Characteristic of Barbara was her great kindness and generosity to everyone. She was an excellent hostess and was constantly entertaining people at home. A long succession of singers, orchestral musicians, assistant organists and other friends enjoyed being entertained by Barbara for lunch, tea, dinner, drinks etc., often before or after some service, rehearsal or concert in the church. She was much involved over the years with the Friends of the Music of Hampstead Parish Church, serving as President in later years, and she used to attend choir concerts, tours, outings, cricket matches, garden parties, and other events whenever she could. As well as being well known to people in Hampstead and at St Clement Danes, she often attended events at the Savage Club (where Martin was a member), including the annual Rosemary Lunches for widows of former club members, and the Carol Service at St. Clement Danes.

Paul Brough is Principal Conductor of The Hanover Band Paul Brough writes:-

"As a schoolboy in the seventies I had already been to several London Bach Orchestra concerts at the Queen Elizabeth Hall: Barbara Hill was their harpsichordist. Imagine my delight when, on entering the Royal College of Music I discovered that she, whom I admired so much, was to be my piano Professor. I was to learn from one of the finest keyboard-players in London. My discussions of those concerts with the knowledgeable had already introduced me by reputation but not yet in person to the legend who was Martindale Sidwell: of that meeting more in a moment.

I found Barbara was as immensely kind a teacher as she was a generous and forbearing friend to so many of us. Alas my efforts at the 'Waldstein', Chopin op.10 and the Italian Concerto were always dwarfed the moment she demonstrated them herself. Let us not forget that she had given solo piano recitals at the Wigmore Hall. Outside term time she taught me at 'No.1' in the holidays, and it was there that MS walked in, without knocking, in the course of one of my lessons; it was my first meeting with him.

"Who's he then?"

"This is Paul Brough, one of my pupils at the College...he's an organist.."

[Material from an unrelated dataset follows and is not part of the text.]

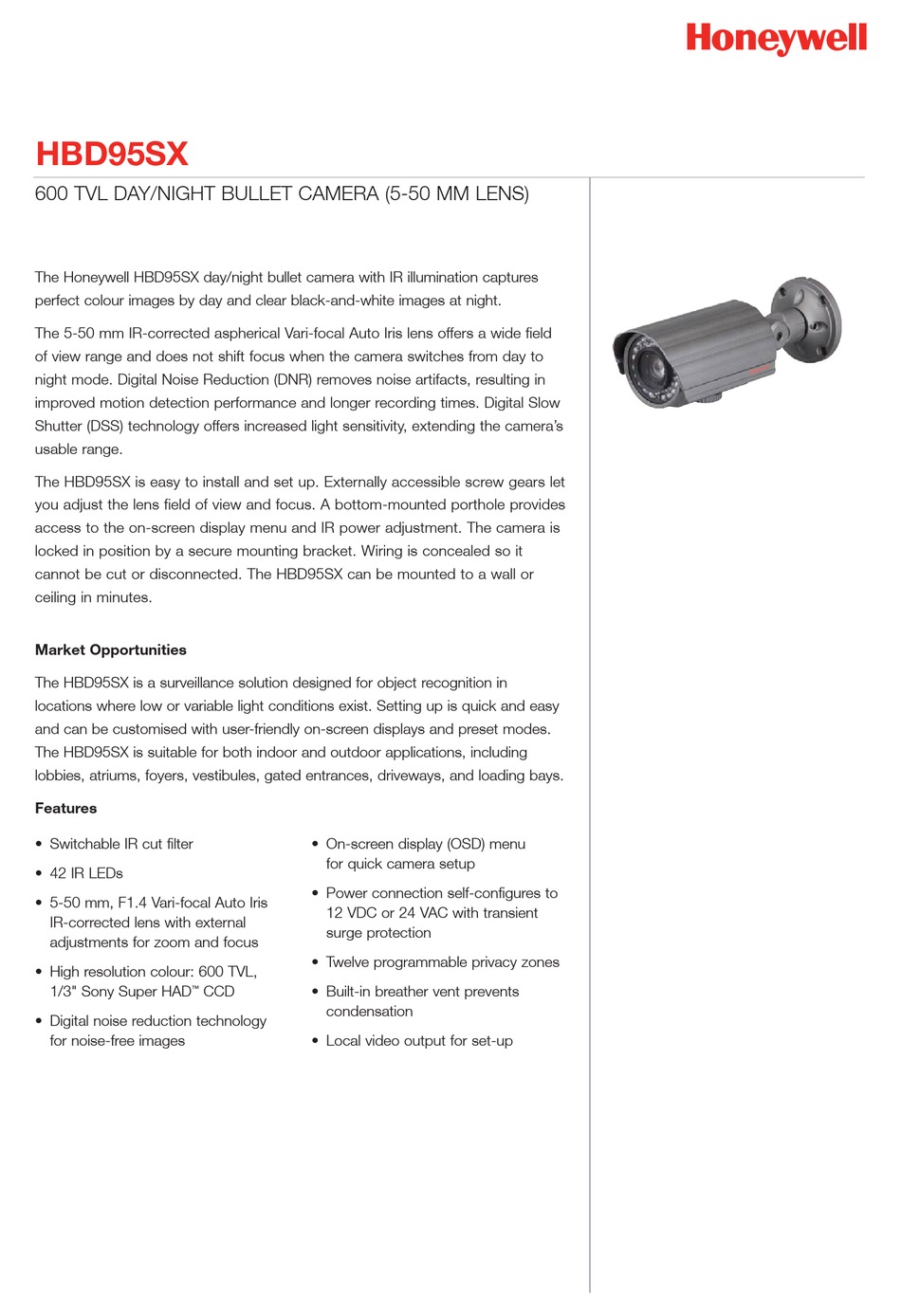 HONEYWELL HBD95SX SPECIFICATIONS Pdf Download ManualsLib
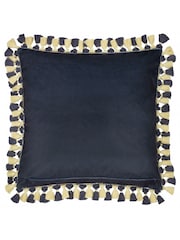Morris & Co Indigo Berry Cray Floral Chenille Piped Cushion - Image 2 of 5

"Organist eh! Well all I can say is I'm sorry for you!..."

Barbara was a consummate musician, and her thoroughness, impeccable taste and diligence seemed ideally to complement the more mercurial, maverickly-inclined Martin; genius though he undoubtedly was. I suspect that we shall never know the full story, but I like to think that deep-down Martin recognised that her musical insight, profundity and far-reaching imagination in some ways outstripped his own, and provided the necessary inspiration to complete his own musical character. I miss her a lot. She was so enthusiastic about music, and people."